INPUT:
┄┄┄┄┄┄┄┄┄┄┄┄┄┄┄┄┄┄┄┄
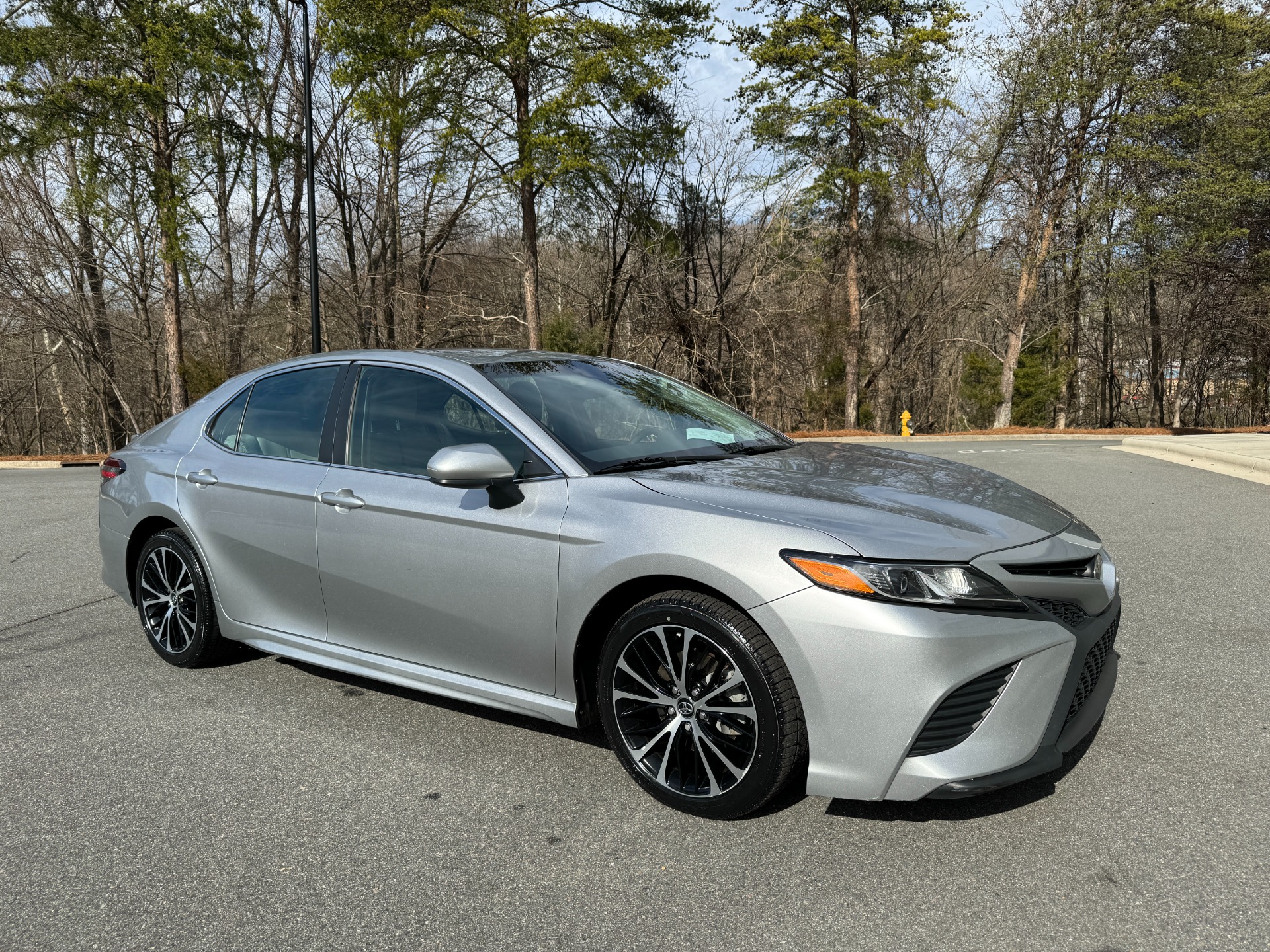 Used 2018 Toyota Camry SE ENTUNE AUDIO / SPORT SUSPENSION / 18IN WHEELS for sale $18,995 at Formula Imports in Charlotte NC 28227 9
┄┄┄┄┄┄┄┄┄┄┄┄┄┄┄┄┄┄┄┄
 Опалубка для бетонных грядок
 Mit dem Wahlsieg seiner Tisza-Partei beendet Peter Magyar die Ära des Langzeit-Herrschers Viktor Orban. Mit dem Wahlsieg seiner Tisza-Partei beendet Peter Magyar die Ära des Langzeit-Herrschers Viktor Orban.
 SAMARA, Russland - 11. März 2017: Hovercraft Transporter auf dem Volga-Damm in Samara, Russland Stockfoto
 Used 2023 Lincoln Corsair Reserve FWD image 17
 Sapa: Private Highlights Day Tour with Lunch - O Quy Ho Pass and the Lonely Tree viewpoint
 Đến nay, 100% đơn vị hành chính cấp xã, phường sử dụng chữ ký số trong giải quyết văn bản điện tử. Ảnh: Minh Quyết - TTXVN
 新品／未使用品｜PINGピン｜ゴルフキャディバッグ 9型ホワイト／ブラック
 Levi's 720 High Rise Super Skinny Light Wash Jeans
┄┄┄┄┄┄┄┄┄┄┄┄┄┄┄┄┄┄┄┄
YOUR OBJECTIVE: I'd like the lines above from the one with "Đến nay, 100%" up to and including the one with "Levi's 720 High" copied exactly, with no other lines.

TASK RESPONSE:
 Đến nay, 100% đơn vị hành chính cấp xã, phường sử dụng chữ ký số trong giải quyết văn bản điện tử. Ảnh: Minh Quyết - TTXVN
 新品／未使用品｜PINGピン｜ゴルフキャディバッグ 9型ホワイト／ブラック
 Levi's 720 High Rise Super Skinny Light Wash Jeans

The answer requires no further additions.